**Exercise aim:**
Copy the lines below, word for word, from the first through the line containing "7 is the highest". Leave the pictures out.

Dataset excerpts
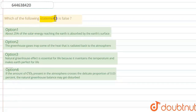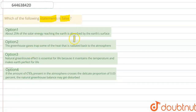The question asks: which of the following statements is false? We have been given four options, and we need to find the incorrect statement out of the following.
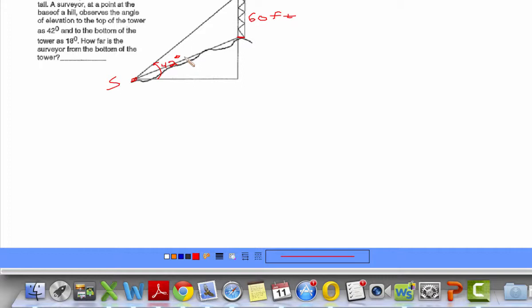That will be useful to us in that we need to recognize this as a right angle — we're under the impression that the tower is standing straight up and down. The angle of elevation to the bottom of the tower is 18 degrees, which is this one right here.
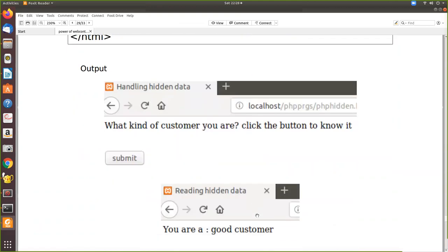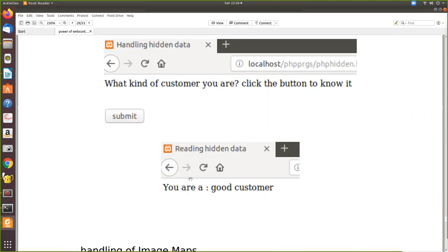Now when you execute, see this is the HTML file. What kind of customer you are, click the button to know it. So nothing is visible. That c_type is not at all visible. So he just presses submit and that value is caught here. And this is the output from PHP side. You are a good customer.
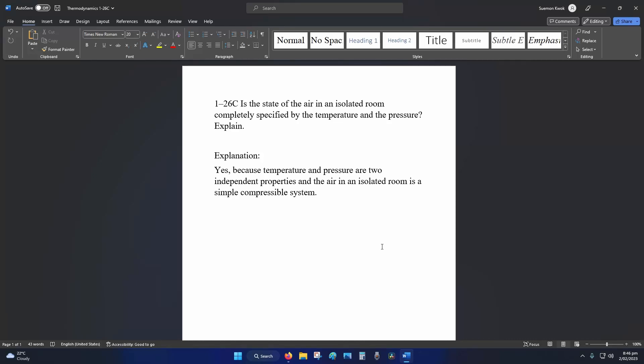Hey internet, welcome back to Thermodynamics Tutorial 1-26 concept.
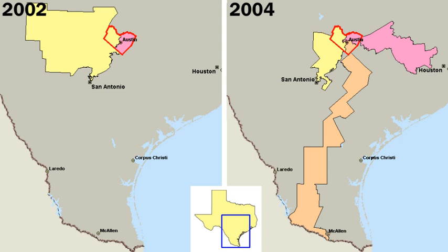Hamilton and Madison ended up being the core leaders in this emerging party system. In modern times, in partisan elections, candidates are nominated by a political party or seek public office as an independent. Each state has significant discretion in deciding how candidates are nominated, and thus eligible to appear on the election ballot. Typically, major party candidates are formally chosen in a party primary or convention, whereas minor party and independents are required to complete a petitioning process.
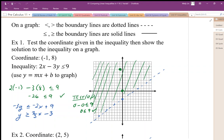There's an error in the original video for this question in that we should have this boundary line, since it's equal to here, this should be a solid boundary line. So make sure that you make note of that, that equal to means that we're going to draw this boundary line as a solid line and not a dotted line.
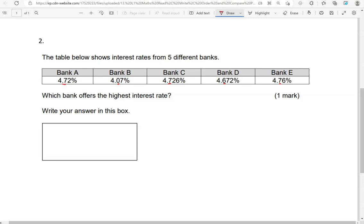7 is the highest out of the 3. So that means we've got to focus on the 7s only. So for these decimals that have 4.7 something, we've got to look now at the second digit after the decimal point.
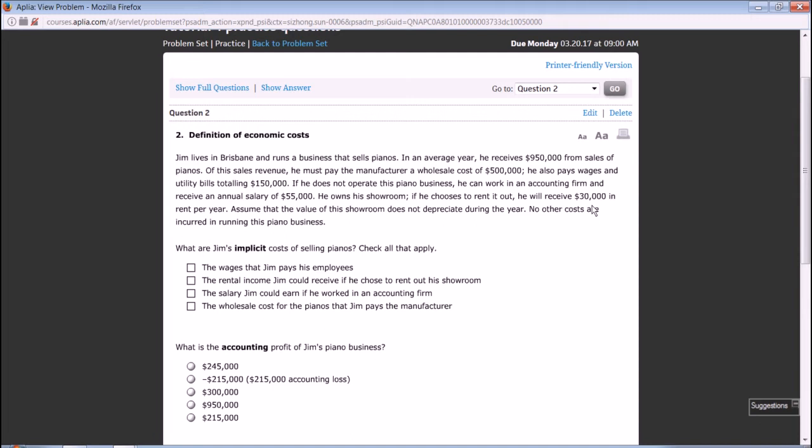In running the business, if you think in terms of whether a cost involves a dollar flowing out of your pocket or not, we can classify costs into explicit and implicit. Explicit costs are items that involve a dollar flowing out of your pocket. Implicit costs do not involve a dollar explicitly flowing out of your pocket, and we use opportunity costs for these items. Question one: what are Jim's implicit costs of selling pianos?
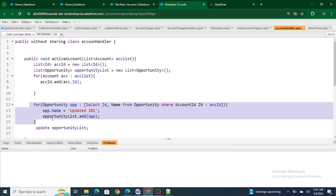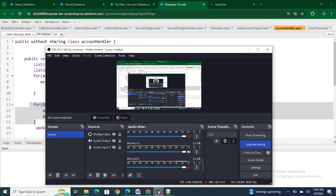So this was all about the 'with sharing' and 'without sharing' keywords. If you found this video helpful, please like this video and subscribe to my channel.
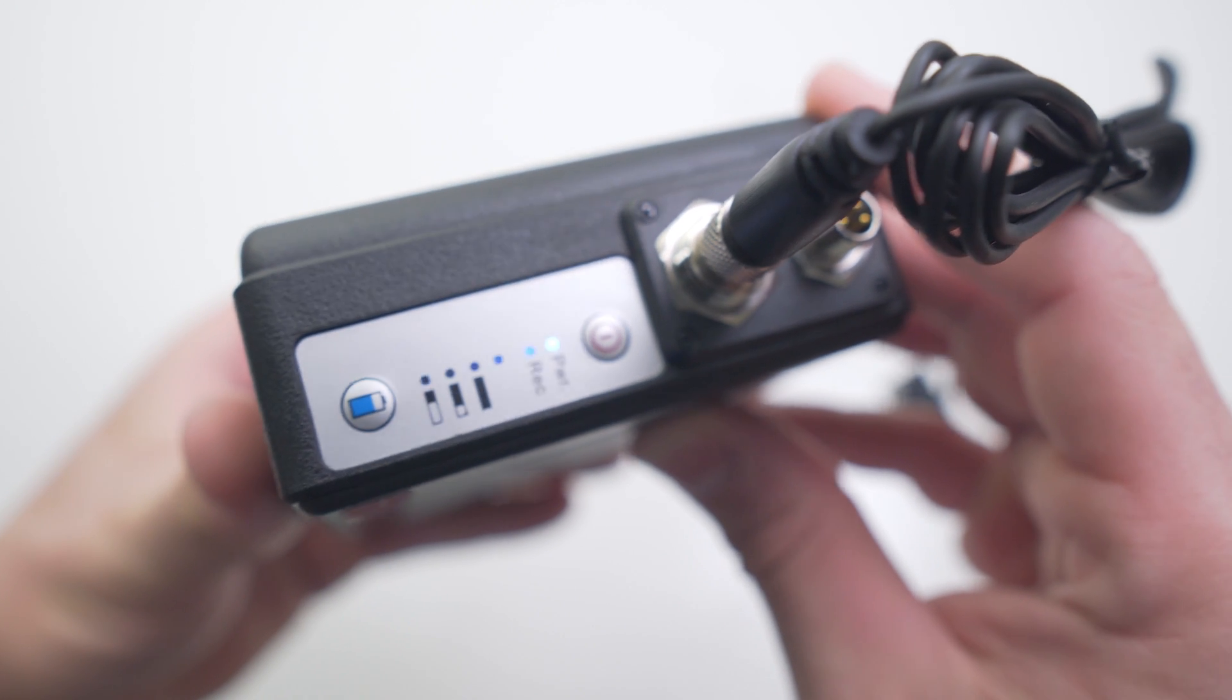You can also change settings like resolution and frame rate in the settings section, and backing up videos from the unit to your phone is very easy. Simply select video files, swipe left, click download, and once it's finished downloading you can select it in the backup tab.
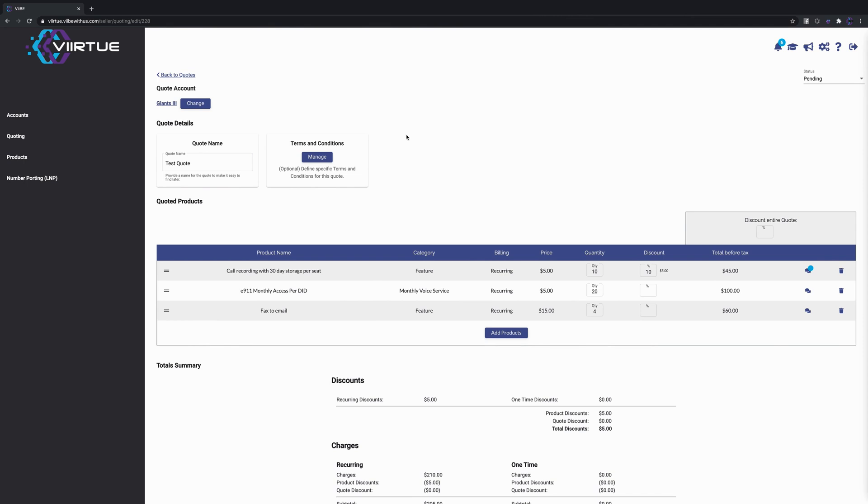Welcome to today's lesson. We're going to go over our new collaborative quoting feature in VIVE. The whole purpose and the reason that we created this feature was we wanted to reduce the back and forth between our partners and your potential prospects.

**Your solution:**
The question asks: which of the following statements is false? We have been given four options, and we need to find the incorrect statement out of the following.
That will be useful to us in that we need to recognize this as a right angle — we're under the impression that the tower is standing straight up and down. The angle of elevation to the bottom of the tower is 18 degrees, which is this one right here.
Now when you execute, see this is the HTML file. What kind of customer you are, click the button to know it. So nothing is visible. That c_type is not at all visible. So he just presses submit and that value is caught here. And this is the output from PHP side. You are a good customer.
Hey internet, welcome back to Thermodynamics Tutorial 1-26 concept.
Hamilton and Madison ended up being the core leaders in this emerging party system. In modern times, in partisan elections, candidates are nominated by a political party or seek public office as an independent. Each state has significant discretion in deciding how candidates are nominated, and thus eligible to appear on the election ballot. Typically, major party candidates are formally chosen in a party primary or convention, whereas minor party and independents are required to complete a petitioning process.
There's an error in the original video for this question in that we should have this boundary line, since it's equal to here, this should be a solid boundary line. So make sure that you make note of that, that equal to means that we're going to draw this boundary line as a solid line and not a dotted line.
7 is the highest out of the 3. So that means we've got to focus on the 7s only. So for these decimals that have 4.7 something, we've got to look now at the second digit after the decimal point.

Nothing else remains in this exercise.